Après une première rencontre en 1972, le musicien fréquente assidument la Martinière et plus particulièrement son studio d’enregistrement, où il joue également avec son groupe, les Leggs.
Le « South » dans l’ombre de la lumière de « Le Sud »
La version initiale de « Le Sud », qui sort en 45T en 1975, voit d’abord le jour en anglais, sous le titre « South ». Barclay, la maison de disques de Nino Ferrer, qui fustige une certaine cyclothymie de l’auteur, compositeur, interprète et producteur de la chanson ne veut pas du morceau qui a pourtant déjà fait l’objet d’une maquette réalisée en Angleterre.
Qu’à cela ne tienne, Nino Ferrer, qui ne se soucie pas d’être ou non dans l’ère du temps et de répondre aux désidérata commerciaux qui lui apparaissent superflus ou incongrus, rejoint CBS.
C’est grâce à son ami, le musicien et producteur Richard Bennett, rencontré en 1953, que Nino Ferrer, alors désireux d’enregistrer un album à deux voix avec Radiah Frye intègre la maison de disques.

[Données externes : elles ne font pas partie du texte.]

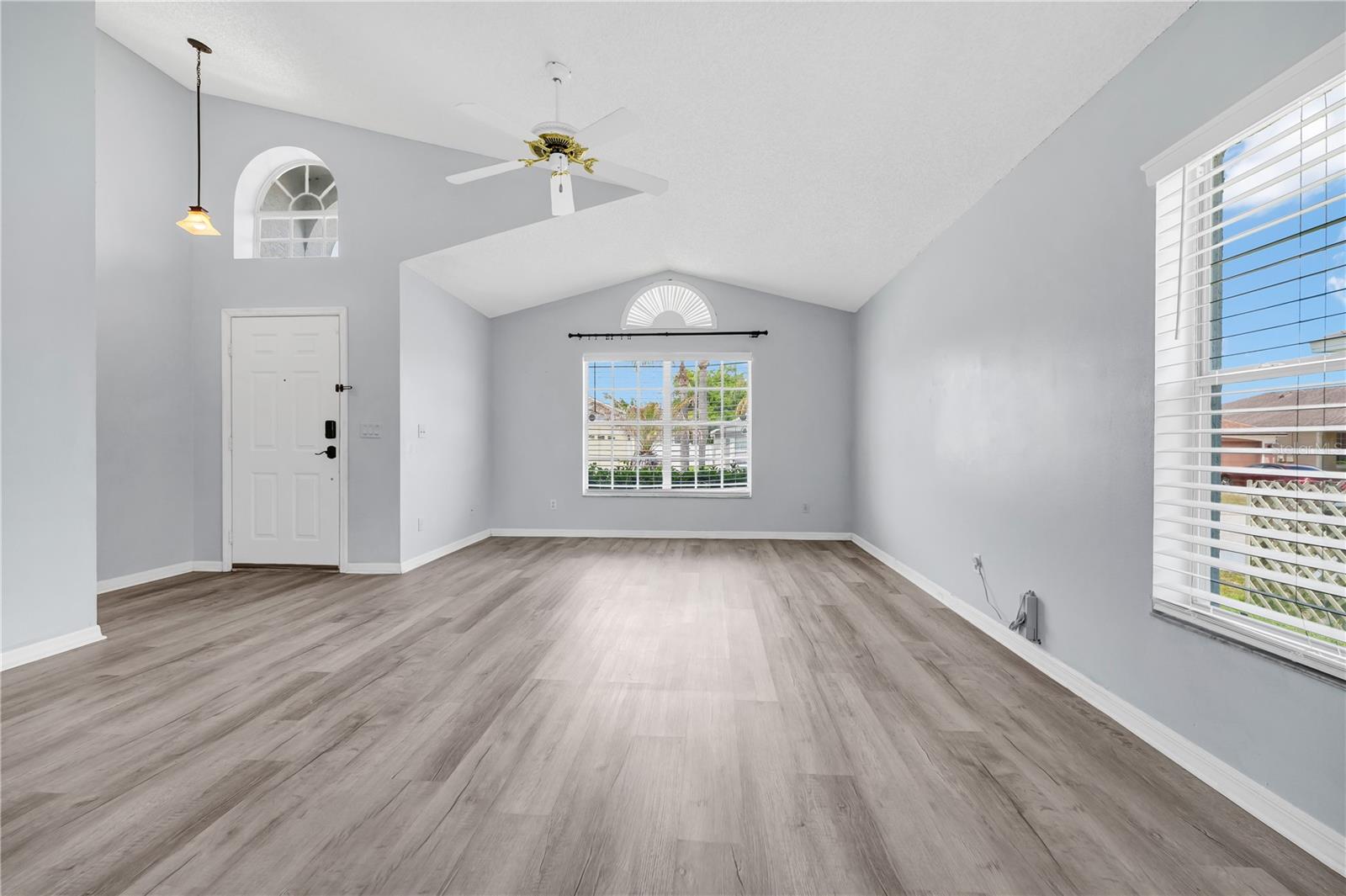 515 LAKE DAVENPORT BLVD, DAVENPORT, FL — photo 4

CBS lui permet de sortir cet opus. Intitulé « Nino & Radiah », il s’ouvre sur « The South », « dont l’orchestration est beaucoup plus lente et beaucoup plus sulfureuse avec un piano prédominant » précise Frédéric Feder en comparaison à la version française dotée « d’une orchestration plus ampoulée, plus pleine et plus fournie, soit une chanson plus rapide ».
Du scandale à la censure
« The south » est enregistrée dès novembre 1973 alors que les sept autres titres du disque sont, eux, gravés en janvier 1974.
Au grand dam du chanteur, l’album, qui sort cette même année et sur lequel ne figure pas « Le Sud » dans sa version française, ne rencontre pas le succès escompté, ne se vendant qu’entre 30.000 et 60.000 exemplaires.

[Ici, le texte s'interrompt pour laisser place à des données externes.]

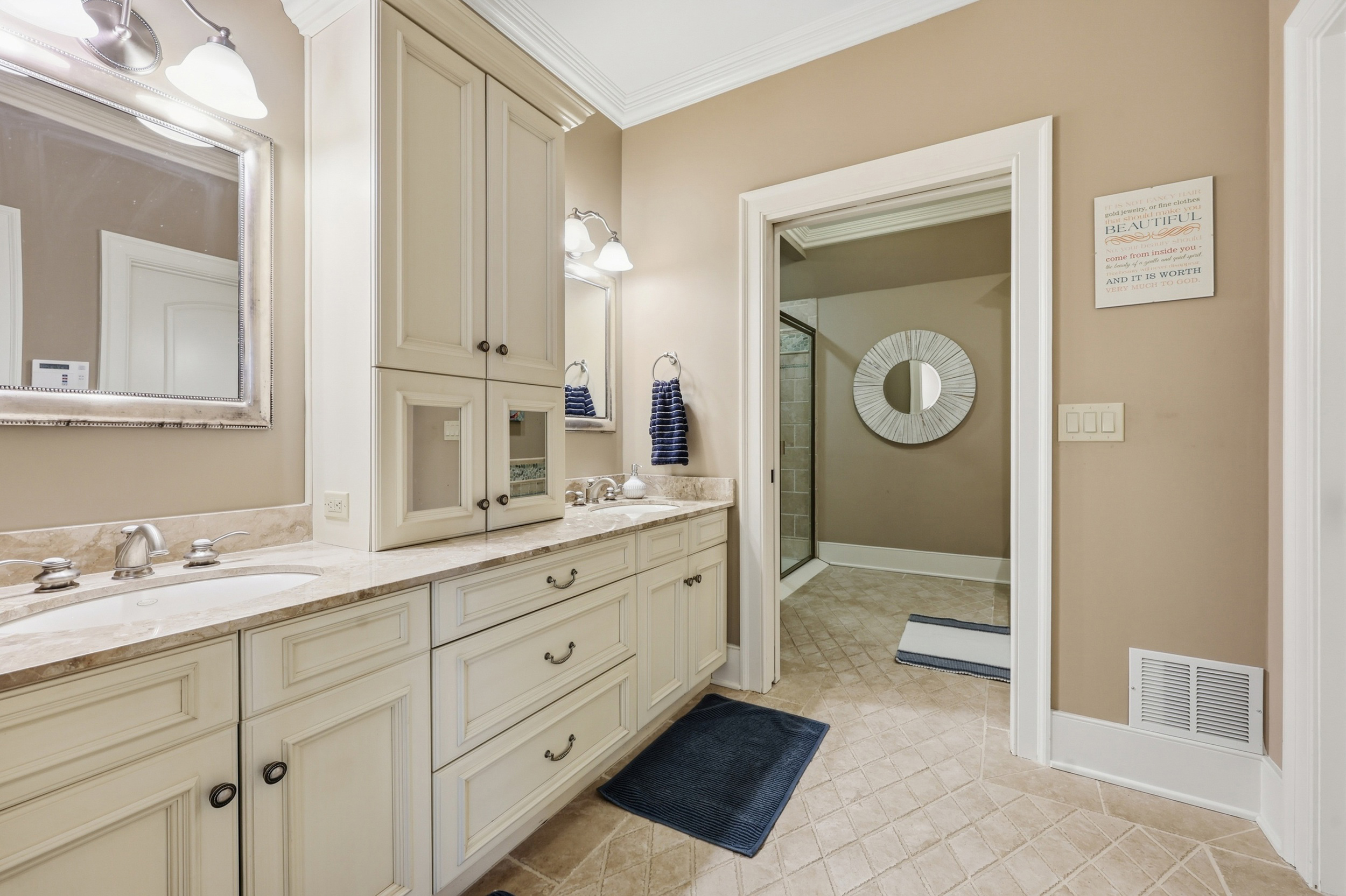  4848 Chelmsbury Lane - 物件實景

Il faut attendre la version française du « South », qui devient « Le Sud », pour que la chanson devienne le succès que nous connaissons… Plus d’un million de copies écoulées.
Vents contraires au « Sud »
Le titre, lui, fait l’unanimité. Par-delà les ventes, un million d’exemplaires écoulé, le morceau est repris à moult reprises avec plus ou moins de succès.
Parmi les versions qui retiennent l’attention celles de : Michel Delpech, Bernard Lavilliers, Alain Bashung ou encore Zebda.
Outre ce succès commercial et cette reconnaissance, « Le Sud » permet aussi à l’artiste, déjà adepte des voitures de luxe et plus particulièrement des Bentley, de s’offrir, en 1976, La Taillade, la fameuse bastide perchée dans le Quercy Blanc, près de Montcuq.
Et c’est dans un champ, à quelques kilomètres seulement de la Taillade, acquise avec les royalties de « Le Sud », que l’élégance de l’éloquence de Nino Ferrer est entachée à jamais.
Celui dont le premier disque a été « Pour oublier qu'on s'est aimé » (1963) vise le cœur. Il se suicide le 13 août 1998, deux mois après une disparition insurmontable pour lui, celui de Mounette, sa mère, deux mois plus tôt.